Building on its work through Giga to connect every school to the internet, ITU recognizes that digital education requires more than connectivity - it requires strong and secure digital foundations. As the UN specialized agency for digital technologies, ITU supports countries in strengthening capacity and advancing interoperable and secure building blocks for the digital transformation of education, ensuring their integration into national systems.

"Learning is increasingly happening online, and our public education systems need to keep pace," said ITU Secretary-General Doreen Bogdan-Martin. "That means building digital foundations that are safe, interoperable, and designed to protect learners. ITU is ready to support countries in transforming the principles of this Charter into inclusive, secure and trusted digital education platforms that leave no learner behind."

Beyond digital as usual

The Charter opens with a striking diagnosis: in far too many countries, public education effectively stops where digital platforms begin. While some countries build and sustain polished, well-resourced educational platforms – and teachers often receive the training, support and resources they need to adapt these platforms into the classroom – hundreds of millions of learners live in communities that are not served by any public digital learning platforms or are confronted with platforms that are poorly maintained, unreliable, unsafe, and difficult to navigate and use.
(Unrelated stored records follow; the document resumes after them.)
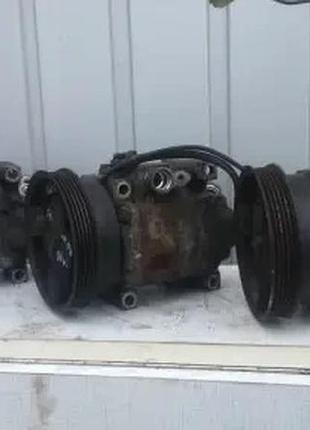 Компрессор кондиционера mazda 626 99r 1.8 2.0 16v 3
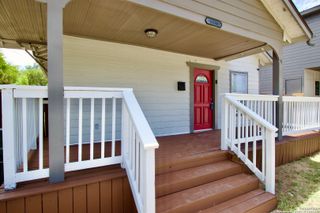 1336 center, San Antonio, TX 78202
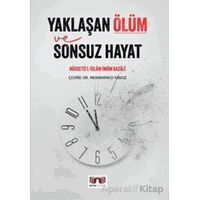 Yaklaşan Ölüm ve Sonsuz Hayat - İmam Gazali - Bera Kitap
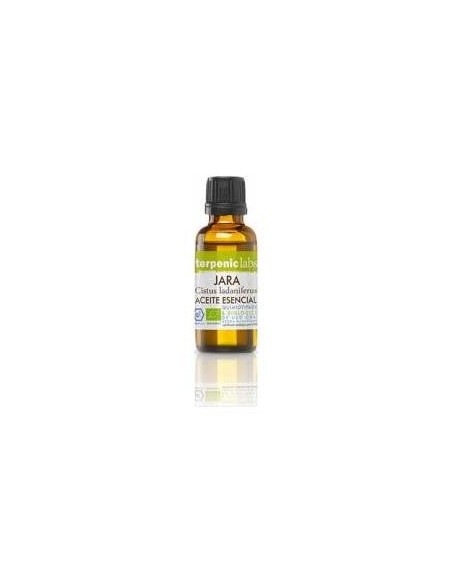 Jara Aceite Esencial Bio 30Ml.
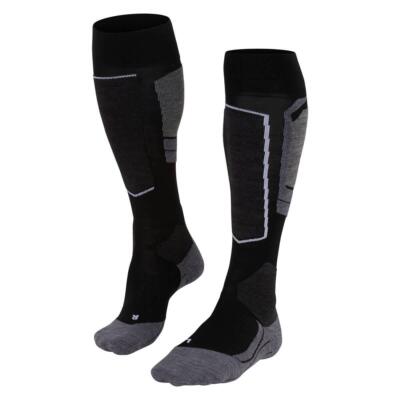 Falke SK4 Light Volume Wool Ladies Ski Socks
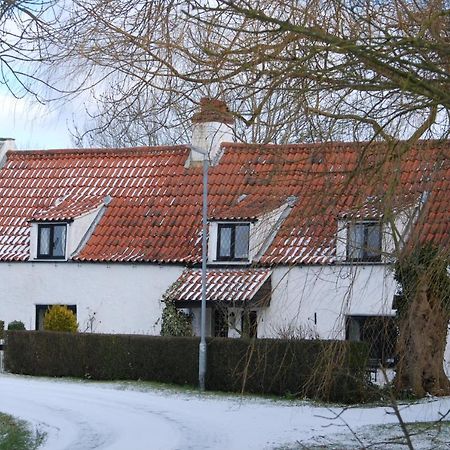 North SomercotesWickham House住宿加早餐旅馆 外观 照片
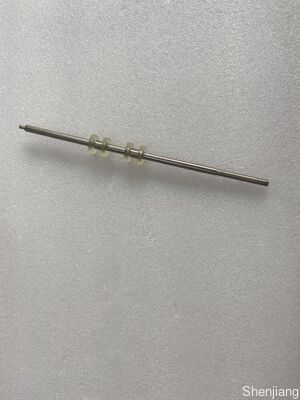 Parti di macchine ATM Wincor 2050XE Assy albero di misurazione 01750035768 1750035768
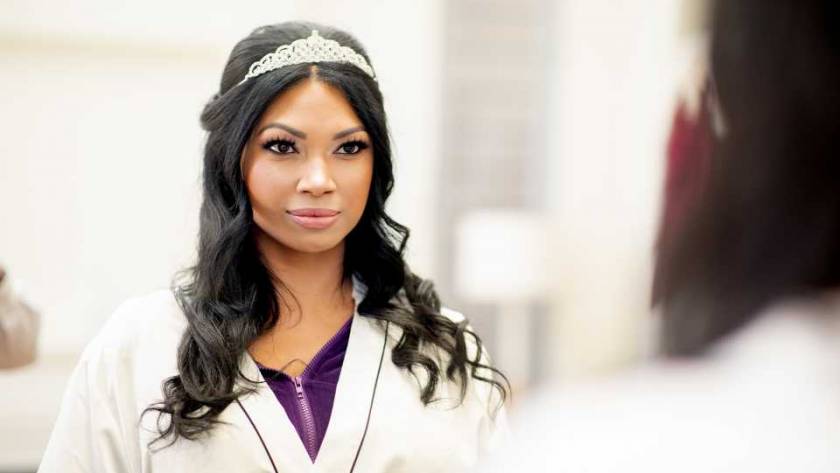 Wedding Makeup Ideas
Fortunately, a growing number of governments are recognizing that in today’s digital and AI age, the public purposes of education should be supported in digital environments in ways that empower teachers and improve learning for all children. The private sector also plays a critical role in providing technology that can improve the quality, reach and impact of education. While at the same time, countries need strong safeguards to protect children and ensure that digital learning tools are safe, reliable and work effectively within public education systems that reach all learners.

Seven principles for the digital schools of the future

The Charter – refined with inputs from member countries of the UNESCO-UNICEF Gateways to Public Digital Learning Initiative and international experts – sets out seven broad principles that all public digital learning platforms should strive to reflect:

  1. Public – Platforms should be governed, financed and controlled by public authorities, with data sovereignty firmly in national hands.
  2. Inclusive – Platforms must widen opportunities for all, with multilingual support, accessibility for learners with disabilities and designs that work on low-cost devices with limited connectivity.
  3. Pedagogical – Platforms should be teacher-led, pedagogically diverse and balance guided learning with independent exploration.
  4. Complementary – Platforms should reinforce, not replace, in-person schools and teachers, and be embedded within national education policy frameworks and digital infrastructure.
  5. Open – Platforms should be built on open standards, licensed for reuse and designed for interoperability across education systems and with wider digital public infrastructure.
  6. Focused – Development should start small, be guided by educational needs rather than technological novelty, and build iteratively based on evidence.
  7. Trustworthy – Platforms must be accurate, reliable, age-appropriate and responsible stewards of sensitive learner data – with AI tools governed transparently and kept tightly focused on educational purposes.